It's more than horrible. I wouldn't mind using the word utter crap
for it. It's defintively on my todo list to get rid of this junk
again. It managed to get in without proper review unfortunately.

>
> > I'm also thinking that we should change the open_namei*
> > functions to simply return 'struct file *'. Those are the only users
> > other than NFS, and forcing the return of a file like that will force
> > users to do the fput() on it if they don't want it any more. We'd just
> > need to make sure no new may_open() users pop up. Any thoughts on that?
>
> Yeah, something needs to be done with open, because currently it's way
> too convoluted.

I have some changes for open_namei pending and I'll see if incorporating
this makes sense.

2007-09-26 16:14:46

by Dave Hansen

[permalink] [raw]
Subject: Re: missing mnt_drop_write() on open error

On Wed, 2007-09-26 at 10:38 +0200, Miklos Szeredi wrote:
> > On Wed, 2007-09-26 at 01:14 +0200, Miklos Szeredi wrote:
> > > I get this at umount, if there was a failed open():
> > >
> > > WARNING: at fs/namespace.c:586 __mntput()
> > >
> > > I think the problem is that may_open() calls mnt_want_write(), but if
> > > open doesn't succeed, mnt_drop_write() will not be called.
> >
> > Does this help?
>
> It didn't fix it for me, but the patch looks OK.
>
> In __dentry_open() there's still a few places where fput() won't be
> called, notably when ->open fails, which is what I'm triggering I
> think.
>
> Also even more horrible things can happen because of the
> nd->intent.open.file thing. For example if the lookup routine calls
> lookup_instantiate_filp(), and after this, but before may_open() some
> error happens, then release_open_intent() will call fput() on the
> file, which will cause mnt_drop_write() to be called, even though a
> matching mnt_want_write() hasn't yet been called. Ugly, eh?

I used to have a patch that didn't completely trust that all files with
FMODE_WRITE set to have taken a write on the mnt. I think I used a flag
to indicate whether or not a particular file had a mnt_want_write() done
on its behalf. It somewhat artificially keeps the mnt write count
balanced, but I think it will let us detect when things like this go on.

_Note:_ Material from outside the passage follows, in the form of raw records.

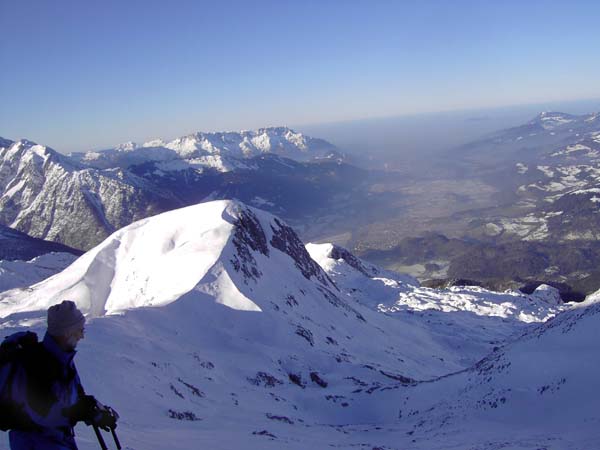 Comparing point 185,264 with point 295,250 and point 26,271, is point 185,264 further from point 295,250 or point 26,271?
point 26,271

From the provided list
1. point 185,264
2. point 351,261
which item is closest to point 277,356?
point 185,264

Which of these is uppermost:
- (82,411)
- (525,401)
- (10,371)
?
(10,371)

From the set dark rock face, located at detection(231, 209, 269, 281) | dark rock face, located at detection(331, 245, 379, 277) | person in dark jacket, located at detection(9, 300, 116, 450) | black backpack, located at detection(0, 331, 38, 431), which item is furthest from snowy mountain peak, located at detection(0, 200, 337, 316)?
dark rock face, located at detection(331, 245, 379, 277)

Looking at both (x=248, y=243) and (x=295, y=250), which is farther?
(x=295, y=250)

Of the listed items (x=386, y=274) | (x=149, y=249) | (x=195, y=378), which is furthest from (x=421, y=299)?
(x=195, y=378)

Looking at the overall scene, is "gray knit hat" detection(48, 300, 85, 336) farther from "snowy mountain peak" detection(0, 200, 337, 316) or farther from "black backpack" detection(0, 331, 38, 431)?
"snowy mountain peak" detection(0, 200, 337, 316)

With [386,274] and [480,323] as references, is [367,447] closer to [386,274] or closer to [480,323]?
[480,323] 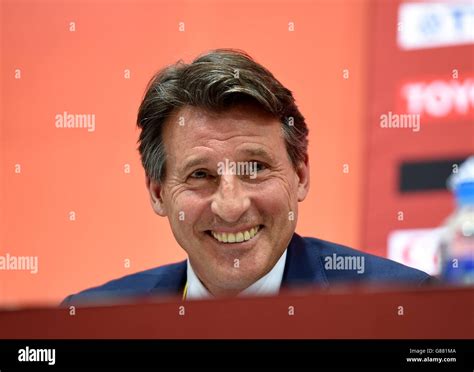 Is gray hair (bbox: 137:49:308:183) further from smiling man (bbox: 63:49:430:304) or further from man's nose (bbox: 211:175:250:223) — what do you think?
man's nose (bbox: 211:175:250:223)

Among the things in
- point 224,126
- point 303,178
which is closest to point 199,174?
point 224,126

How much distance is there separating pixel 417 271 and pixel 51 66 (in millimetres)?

> > I'm also thinking that we should change the open_namei*
> > functions to simply return 'struct file *'. Those are the only users
> > other than NFS, and forcing the return of a file like that will force
> > users to do the fput() on it if they don't want it any more. We'd just
> > need to make sure no new may_open() users pop up. Any thoughts on that?
>
> Yeah, something needs to be done with open, because currently it's way
> too convoluted.

Sounds like Christoph has some ideas...

-- Dave

2007-09-26 16:19:19

by Dave Hansen

[permalink] [raw]
Subject: Re: missing mnt_drop_write() on open error

On Wed, 2007-09-26 at 10:38 +0200, Miklos Szeredi wrote:
> In __dentry_open() there's still a few places where fput() won't be
> called, notably when ->open fails, which is what I'm triggering I
> think.
>
> Also even more horrible things can happen because of the
> nd->intent.open.file thing. For example if the lookup routine calls
> lookup_instantiate_filp(), and after this, but before may_open() some
> error happens, then release_open_intent() will call fput() on the
> file, which will cause mnt_drop_write() to be called, even though a
> matching mnt_want_write() hasn't yet been called. Ugly, eh?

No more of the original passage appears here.